Friday, 6 June 2014

Why I loathe the Wyvern 303

Fountain pen aesthetics are funny things. Some people love the MB 149, some find it boring. Some people love Chinese bling pens, as much abalone and gold plate and shiny glittery blingy razzmatazz as you can load on a five inch stick, other hate them.

Me, I loathe the Wyvern 303.

Actually from the outside, this pen doesn't look bad. It looks a bit like some of the Waterman Taperite, Crusader, Dauntless, Garland - well, most, like the Taperite Citation, with its great big cap band. That's really striking, and I rather like it. The torpedo shape and the simple clip are classical. I could quite like this pen, which is why when I saw one on a stall at a London antiques market, I took a closer look.

But as soon as I took the cap off - oh, yuk.

I don't like pens with convex sections, for a start. A section should either be straight, or concave, that is, gently flared, or it should have a lip, like the early Parker Duofolds, to prevent your fingers sliding into the inky zone or off the pen completely. Convex section - wrong. And though it has a little rolled lip, it's so small that it's completely useless.

I don't like meanness. The Wyvern 303 is not a small pen, but it has a itsy bitsy teeny weeny absolutely bloody minuscule nib. Just economising on the amount of gold. Such a big, positive, butch pen, and when it comes to the business end ... I know they say "size isn't important", but in this case it is. Or as Horace says, Parturient montes, nascetur ridiculus mus. (JFGI.) This is a Superman pen with a Walter Mitty nib.

And then that step between the section and the barrel. No need for that at all in a torpedo shaped pen with a metal cap. Look at the Parker 51 - smooth, smooth lines hardly disturbed by the gleam of the clutch ring. Waterman Taperite - stubbier, less elegant, but still with those smooth lines. ~Aerodynamic, streamlined, modern, like a decent sports car. The 303_ Oh dear. Wants to be a Jaguar and ends up more of a Trabant.

Which is why I hastily put the pen back without enquiring about its price. Even for a quid, I didn't want it. I positively loathed it. And that's why there's no photo on this blog post, though if you want to see a picture, I can point you to a post on that excellent blog, Goodwriterspens






Tuesday, 3 June 2014

A pair of oddities

I recently managed to acquire a pair of oddities at a car boot sale.

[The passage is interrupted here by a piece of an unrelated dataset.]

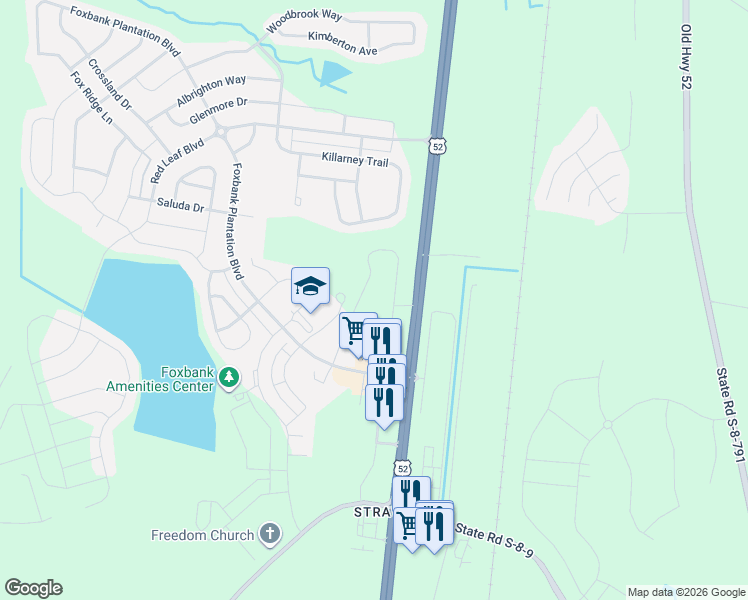 map of restaurants, bars, coffee shops, grocery stores, and more near 119 Foxbank Plantation Boulevard in Moncks Corner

They're two Kenzo fountain pens, one in red and one in green,both with gold trim. They're quite charming pens, fairly slim but not too small (13cm in length), and apparently dating from the early 1990s, made for the Kenzo fashion house. My experience has been that most fountain pens made for fashion brands aren't terribly good, but in this case I was surprised to find I'd acquired a pair of decent writers. (According to GoPens they were made for Kenzo by Stypen. I have a few reliable and nicely made Stypens, so that's perhaps not as much of a surprise as it could be.)

The design is a little quirky. The rings at the top of the cap and end of the barrel are indented, and there's also an indent in the cap ring and section ring, breaking up the contour of the pen. The ends are quite pointed, and there's a red transparent jewel at the top of the cap.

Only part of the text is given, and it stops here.